* _TASK BRIEF_:
For this listing, the lines between the one holding "un estricto registro" and the one holding "precios, bajas, alzas", inclusive, must be set down exactly.
--- DATA TO EXAMINE Enclosed Below ---
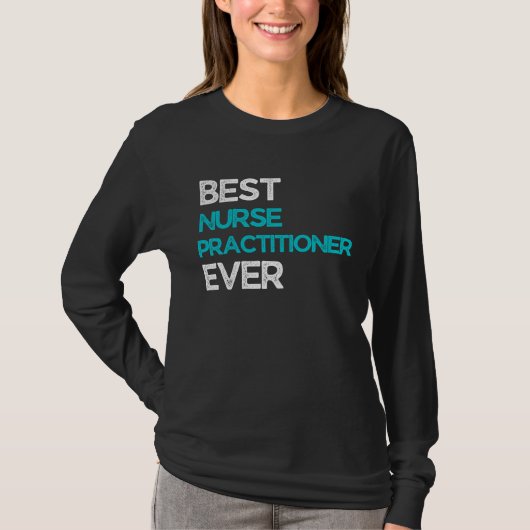 Best Nurse practitioner Ever T-shirt (Voorkant)
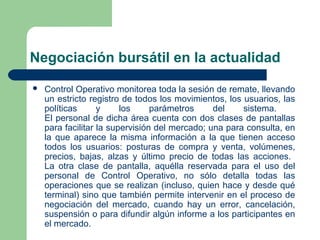 Negociación bursátil en la actualidad
 Control Operativo monitorea toda la sesión de remate, llevando
un estricto registro de todos los movimientos, los usuarios, las
políticas y los parámetros del sistema.
El personal de dicha área cuenta con dos clases de pantallas
para facilitar la supervisión del mercado; una para consulta, en
la que aparece la misma información a la que tienen acceso
todos los usuarios: posturas de compra y venta, volúmenes,
precios, bajas, alzas y último precio de todas las acciones.
La otra clase de pantalla, aquélla reservada para el uso del
personal de Control Operativo, no sólo detalla todas las
operaciones que se realizan (incluso, quien hace y desde qué
terminal) sino que también permite intervenir en el proceso de
negociación del mercado, cuando hay un error, cancelación,
suspensión o para difundir algún informe a los participantes en
el mercado.
 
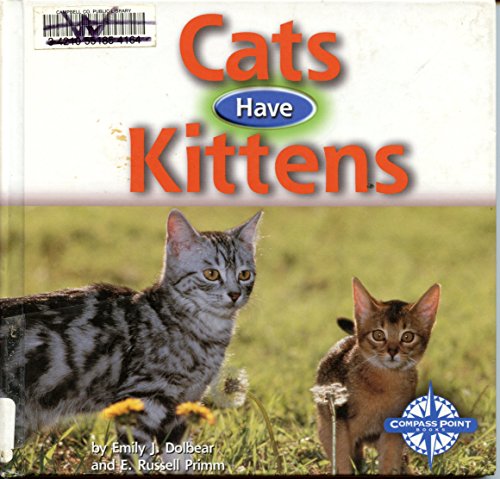 9780756500597: Cats Have Kittens (Animals and Their Young)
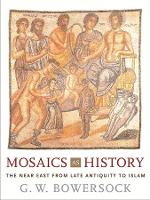 Book Cover for Mosaics as History by G W Bowersock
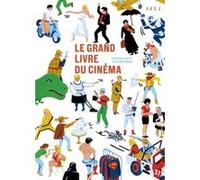 Le grand livre du cinéma Raphaële Botte (Auteur), Aloïs Marignane (Illustration)
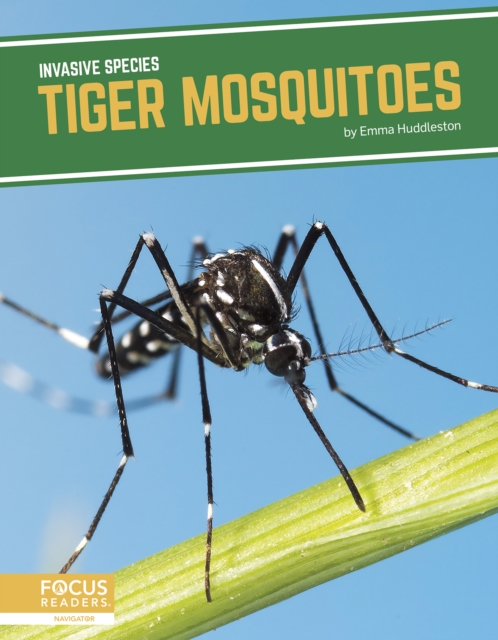 Invasive Species: Tiger Mosquitoes, Paperback / softback Book
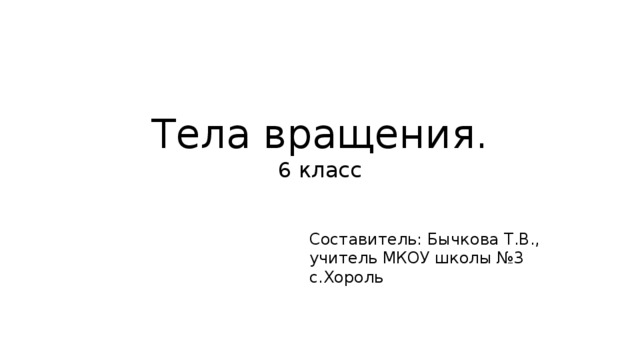 Тела вращения.  6 класс Составитель: Бычкова Т.В., учитель МКОУ школы №3 с.Хороль 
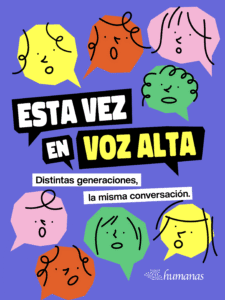 Lee más sobre el artículo Esta vez en voz alta: distintas generaciones, la misma conversación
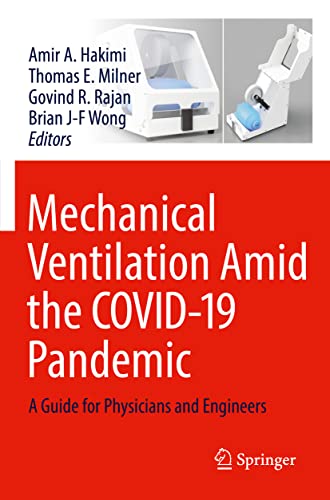 Mechanical Ventilation Amid the COVID-19 Pandemic by Amir A Hakimi ISBN 9783030879808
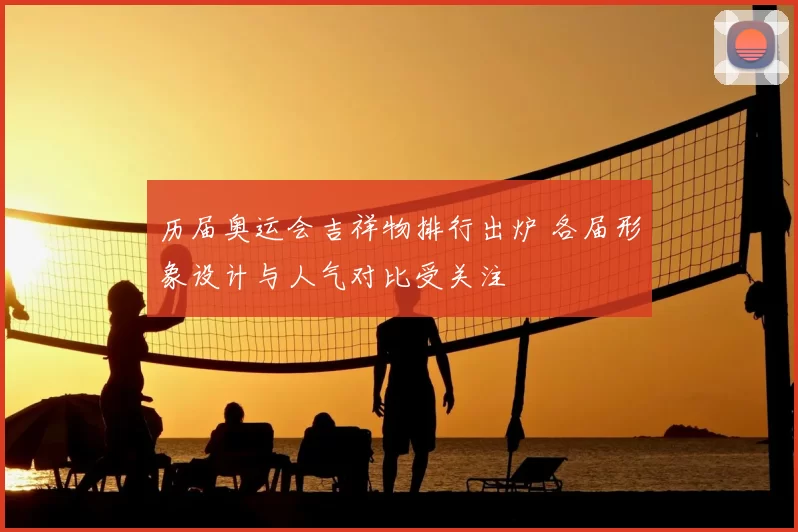 历届奥运会吉祥物排行出炉 各届形象设计与人气对比受关注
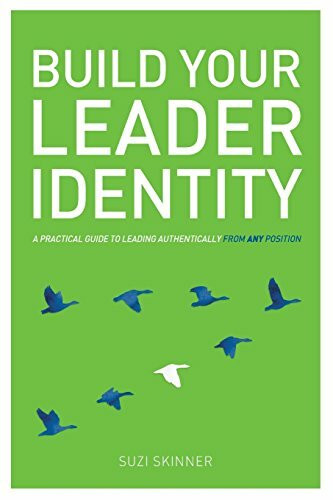 Build Your Leader Identity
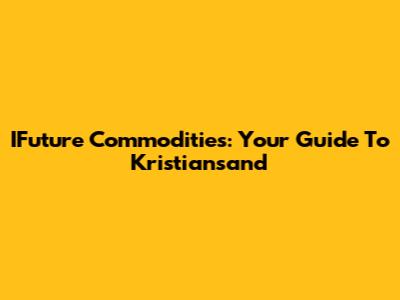 IFuture Commodities: Your Guide To Kristiansand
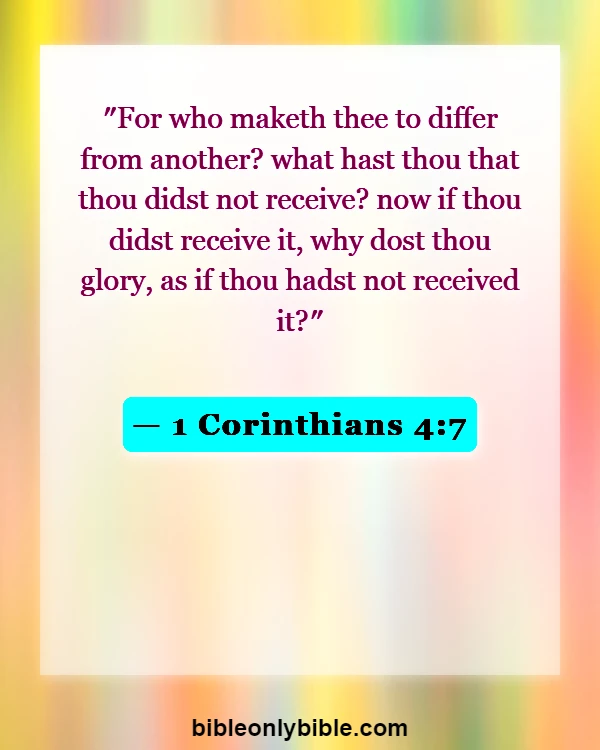 Bible Verses About Do Not Compare Yourself To Others (1 Corinthians 4:7)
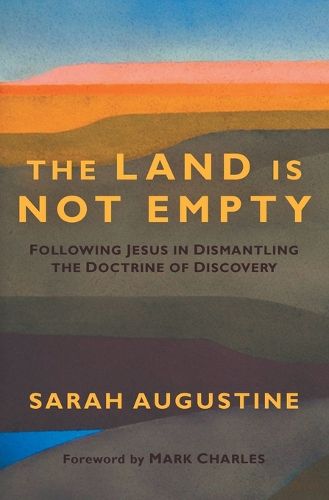 Cover image for The Land Is Not Empty: Following Jesus in Dismantling the Doctrine of Discovery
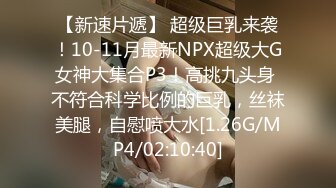 【新速片遞】 超级巨乳来袭！10-11月最新NPX超级大G女神大集合P3！高挑九头身 不符合科学比例的巨乳，丝袜美腿，自慰喷大水[1.26G/MP4/02:10:40]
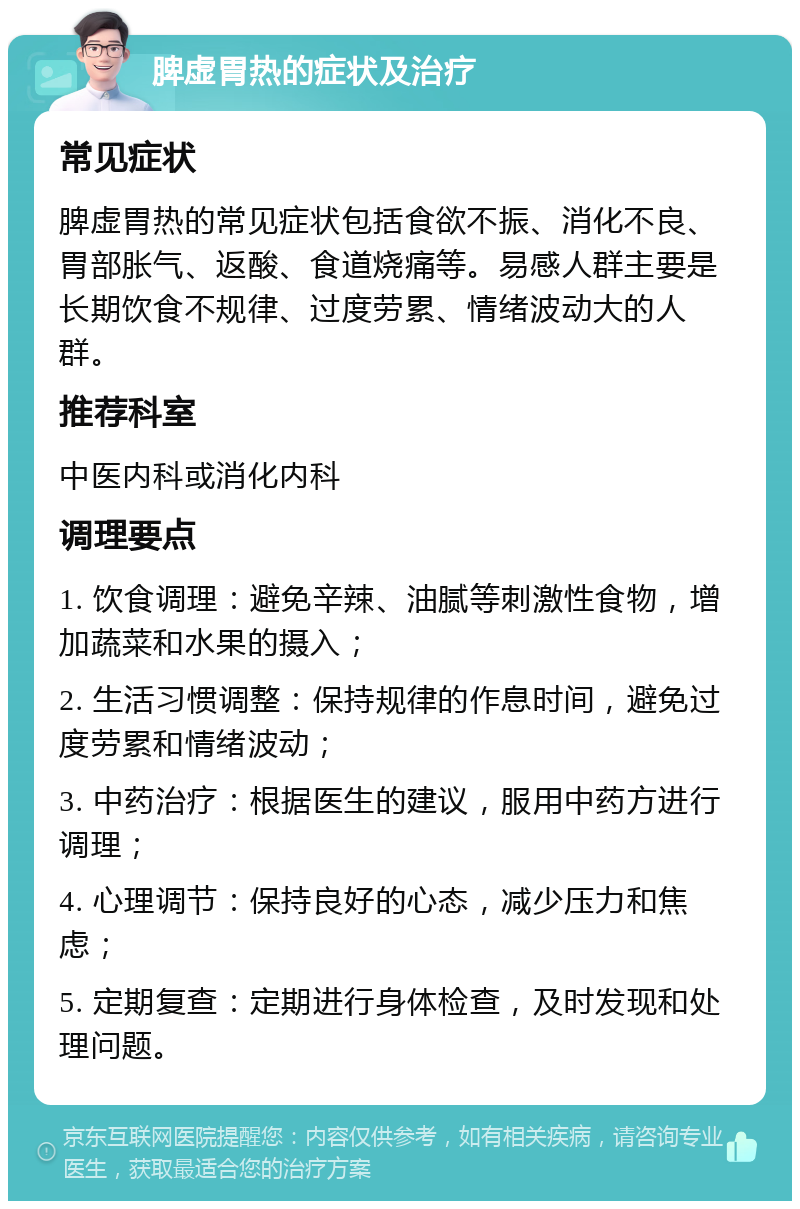 脾虚胃热的症状及治疗 常见症状 脾虚胃热的常见症状包括食欲不振、消化不良、胃部胀气、返酸、食道烧痛等。易感人群主要是长期饮食不规律、过度劳累、情绪波动大的人群。 推荐科室 中医内科或消化内科 调理要点 1. 饮食调理：避免辛辣、油腻等刺激性食物，增加蔬菜和水果的摄入； 2. 生活习惯调整：保持规律的作息时间，避免过度劳累和情绪波动； 3. 中药治疗：根据医生的建议，服用中药方进行调理； 4. 心理调节：保持良好的心态，减少压力和焦虑； 5. 定期复查：定期进行身体检查，及时发现和处理问题。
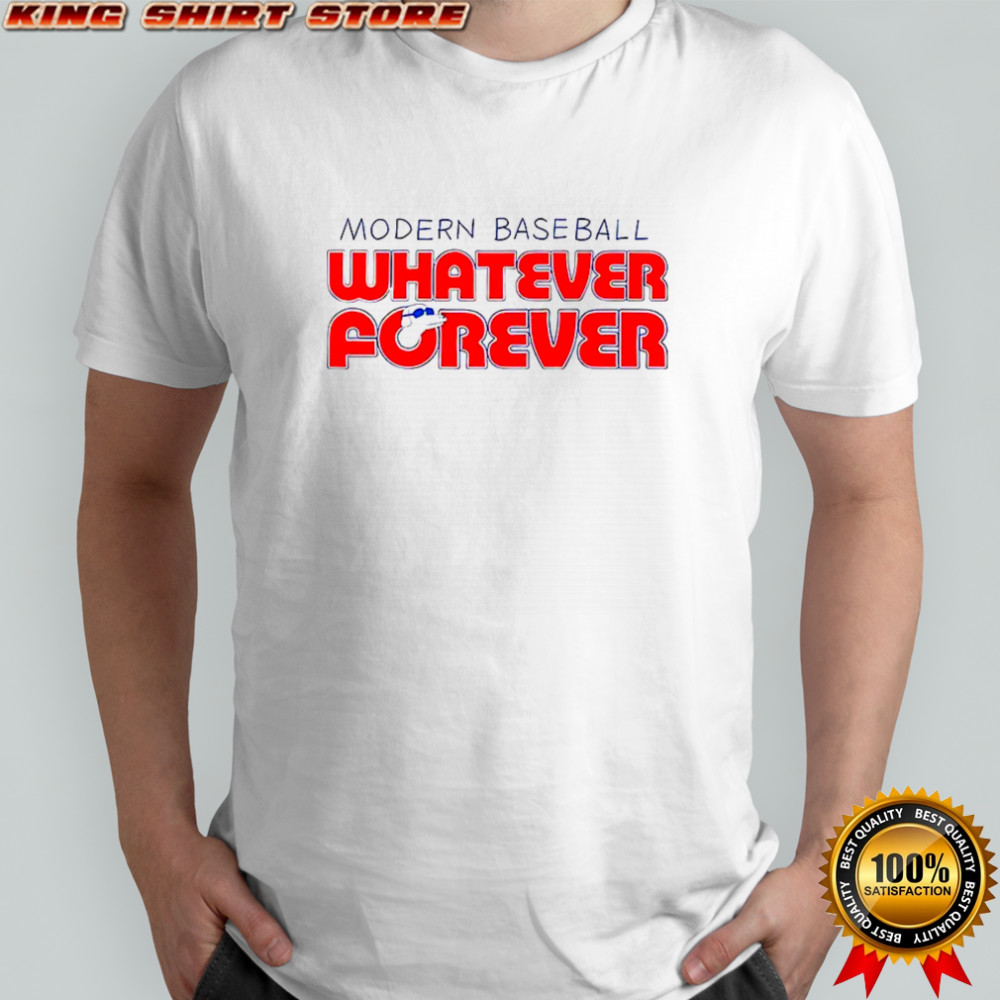 Modern Baseball Whatever Forever shirt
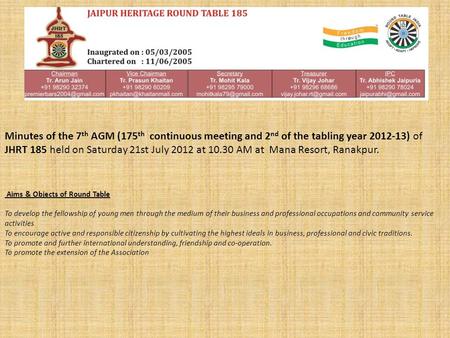 Minutes of the 7 th AGM (175 th continuous meeting and 2 nd of the tabling year 2012-13) of JHRT 185 held on Saturday 21st July 2012 at 10.30 AM at Mana.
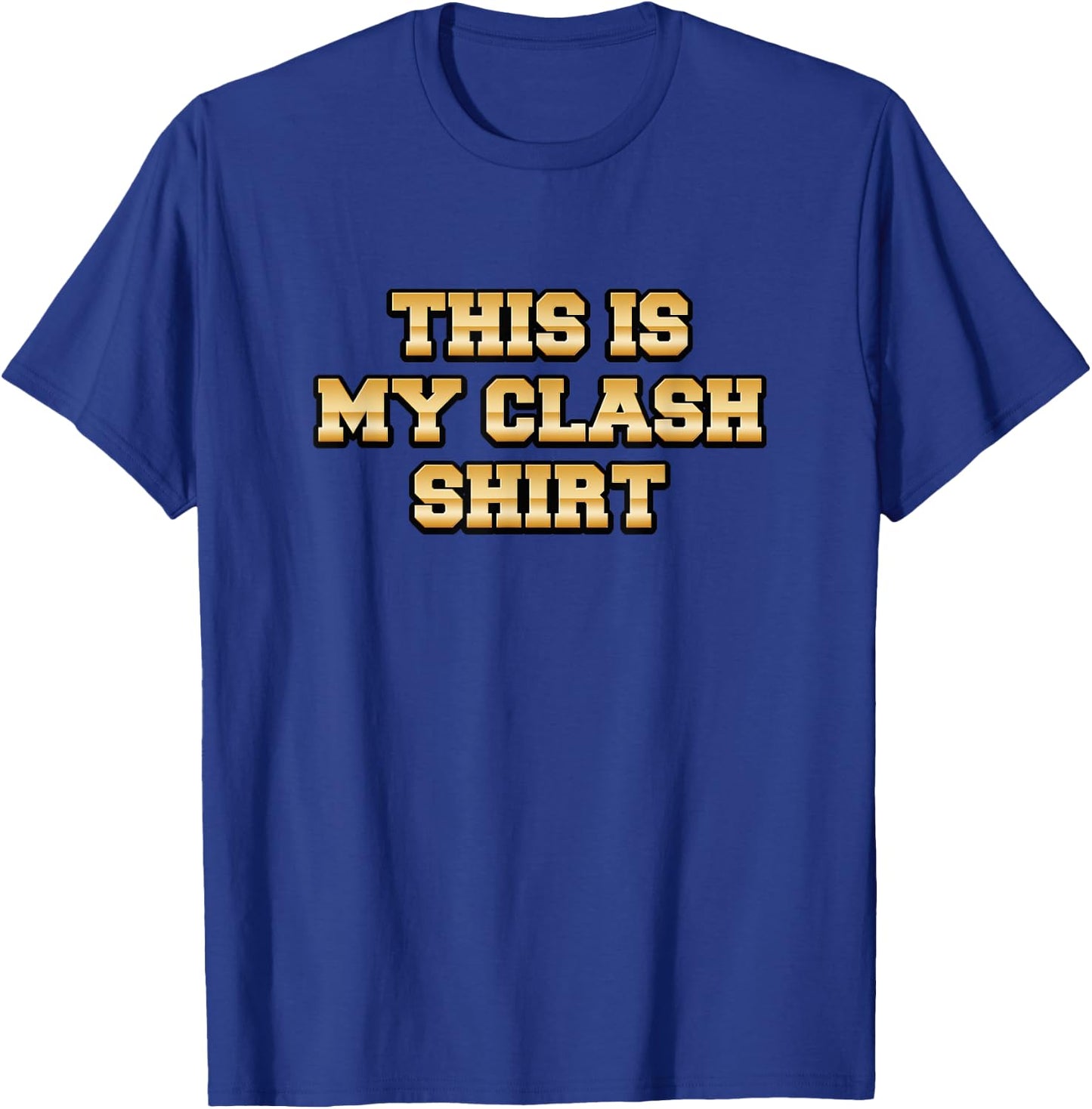 This is My Clash Shirt T-Shirt - T-Shirt | Royal
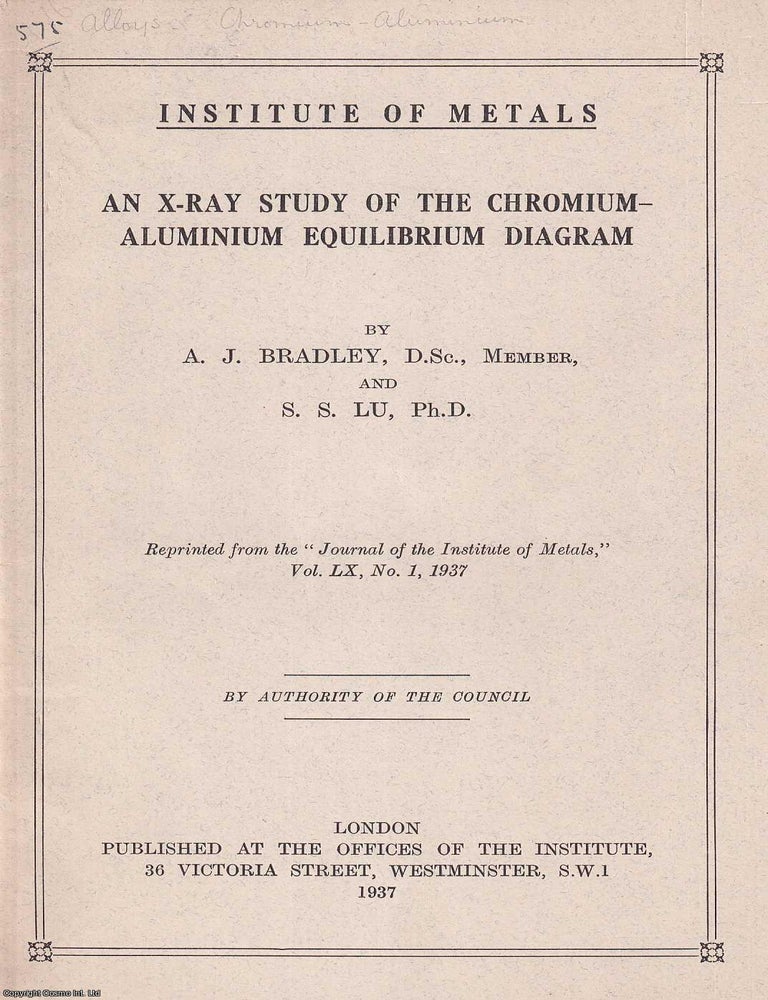 Item #514476 An X-Ray Study of the Chromium-Aluminium Equilibrium Diagram. An offprint from the...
--- End of Enclosed DATA TO EXAMINE ---
* _OUTPUT OF THE TASK_:
un estricto registro de todos los movimientos, los usuarios, las
políticas y los parámetros del sistema.
El personal de dicha área cuenta con dos clases de pantallas
para facilitar la supervisión del mercado; una para consulta, en
la que aparece la misma información a la que tienen acceso
todos los usuarios: posturas de compra y venta, volúmenes,
precios, bajas, alzas y último precio de todas las acciones.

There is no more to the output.